[HOW TO COMPLETE THIS TASK] Tally every line below where "sale" appears, then report the total alone.

[Data entries]
[Start of Attachment]
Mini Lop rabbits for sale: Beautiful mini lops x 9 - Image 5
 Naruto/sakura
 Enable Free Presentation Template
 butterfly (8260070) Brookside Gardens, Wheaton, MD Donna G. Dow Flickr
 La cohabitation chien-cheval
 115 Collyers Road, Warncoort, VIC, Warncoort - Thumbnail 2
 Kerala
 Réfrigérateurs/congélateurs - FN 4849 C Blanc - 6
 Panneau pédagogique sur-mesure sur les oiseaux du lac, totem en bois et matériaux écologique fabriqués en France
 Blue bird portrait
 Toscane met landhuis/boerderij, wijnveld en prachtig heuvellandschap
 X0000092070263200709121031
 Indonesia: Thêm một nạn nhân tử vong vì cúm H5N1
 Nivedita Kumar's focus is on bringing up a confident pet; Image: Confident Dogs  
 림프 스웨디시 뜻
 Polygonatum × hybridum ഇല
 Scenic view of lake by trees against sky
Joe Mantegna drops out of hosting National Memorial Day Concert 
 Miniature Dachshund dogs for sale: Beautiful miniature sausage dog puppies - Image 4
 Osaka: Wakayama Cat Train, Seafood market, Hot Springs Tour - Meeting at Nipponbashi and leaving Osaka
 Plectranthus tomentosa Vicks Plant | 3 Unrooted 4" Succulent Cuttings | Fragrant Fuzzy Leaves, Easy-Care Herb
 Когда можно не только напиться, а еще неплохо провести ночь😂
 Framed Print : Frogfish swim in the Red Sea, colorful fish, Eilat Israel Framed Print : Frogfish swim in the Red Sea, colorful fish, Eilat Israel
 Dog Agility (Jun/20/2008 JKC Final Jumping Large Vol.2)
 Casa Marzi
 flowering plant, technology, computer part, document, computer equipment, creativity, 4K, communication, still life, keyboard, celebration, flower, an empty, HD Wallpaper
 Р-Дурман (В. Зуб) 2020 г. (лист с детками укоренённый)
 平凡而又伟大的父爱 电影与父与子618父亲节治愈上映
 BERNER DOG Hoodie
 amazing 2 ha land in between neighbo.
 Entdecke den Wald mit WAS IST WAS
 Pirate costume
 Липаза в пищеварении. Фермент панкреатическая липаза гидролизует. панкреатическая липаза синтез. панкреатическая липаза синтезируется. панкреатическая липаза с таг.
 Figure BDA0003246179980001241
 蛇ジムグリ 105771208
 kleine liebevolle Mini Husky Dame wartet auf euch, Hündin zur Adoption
[End of Attachment]
[WRITTEN SOLUTION] 2